Michael Bourque is President of the Railway Association of Canada.
Additional intervention to a sector that is already heavily regulated has the potential to undermine good business practices and successful economic outcomes.
It’s not every day that a group of customers co-author an article in which they claim that their service providers “deliberately” provide poor service. That’s exactly what the heads of three major industry associations–mining, fertilizer and chemical interests–did this week in a commentary on this page. “Railways should serve all customers,” said the headline.
Another modest statement in the commentary was hard to argue with. “Simply, a railway should meet the customer’s needs.” Sure, the customer comes first; the customer is always right and we exist to serve our customers. But let’s unpack what is behind this statement, which has a lot of history in the long historical debate between commercialization and regulation of railways in Canada.
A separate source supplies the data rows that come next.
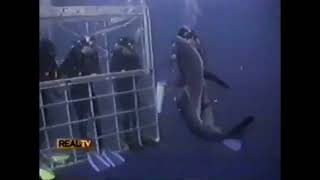 Mako Shark Attacks Deep Sea Diver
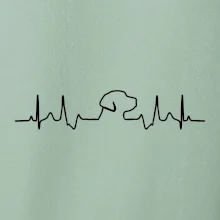Labrador EKG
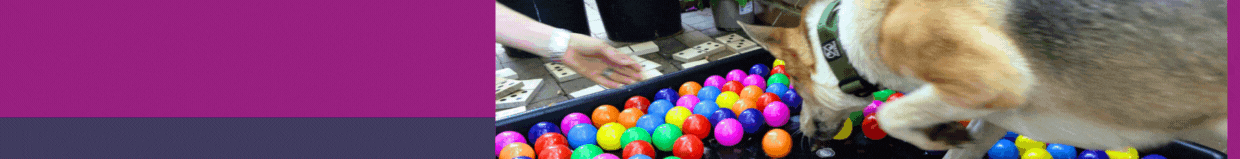 Enrichment for your dog, click for more info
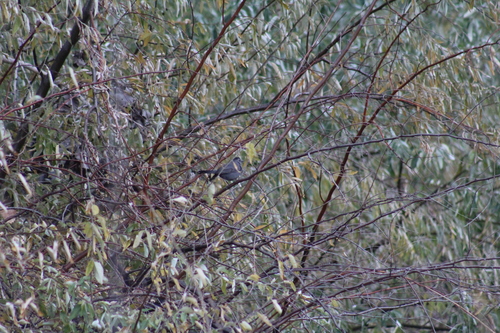 Gray Catbird photographed in New Mexico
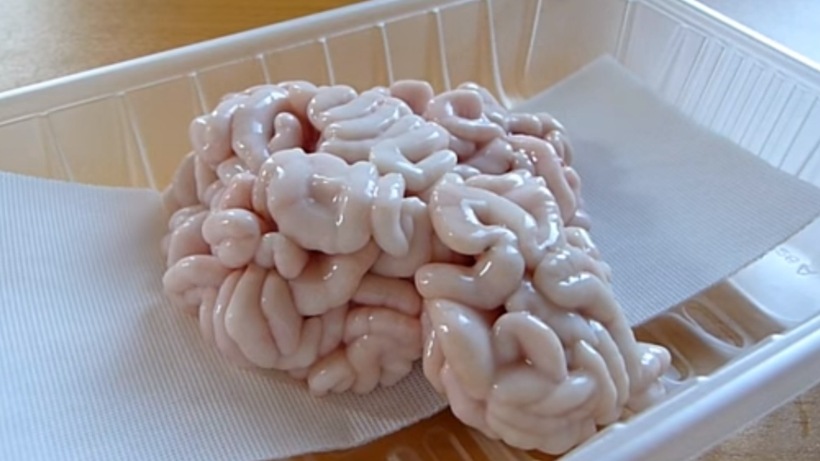 world food day, world food day 2017, bizarre food, weird food, different delicacies around the world, Indian express, Indian express news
Canada’s railways operate with a view to serving all customer needs. One analogy is that we operate a bus route, where each customer’s needs are met by operating efficiently and in a predictable fashion. If a customer wants their bus to arrive at their door early, then that affects the time it will arrive at everyone else’s door. So, in reality the needs of the customer is paramount, but it can’t be at the expense of another customer: collaboration is key.
A related concept, put forward in the article, was the request to that the government define “suitable and adequate service”. One is struck by the reasonableness of this request. Why not? Again, the answer lies in the fundamental challenge of meeting all customer demands in a network environment. Let’s say legislation is introduced that service must include guarantees for transit times and order details, such as “your train with 34 empty cars will arrive at 8 a.m. on Wednesday”.
But, because another customer doesn’t empty a car and yet another holds up the train while loading, these conditions are not met. In this case, the railroad would be at fault and would presumably pay a penalty. And, because the customer has no obligation to commit to times or volumes, the penalty could not be collected from the offenders- the railroad would have to pay.
The most egregious argument in the mining/fertilizer/chemical arsenal is based on the premise that the number of locomotives or personnel can be linked to service. It is a well-known fact that railroads across North America have reduced the number of locomotives required as efficiency gains have been introduced, such as reducing yards and investing in sidings.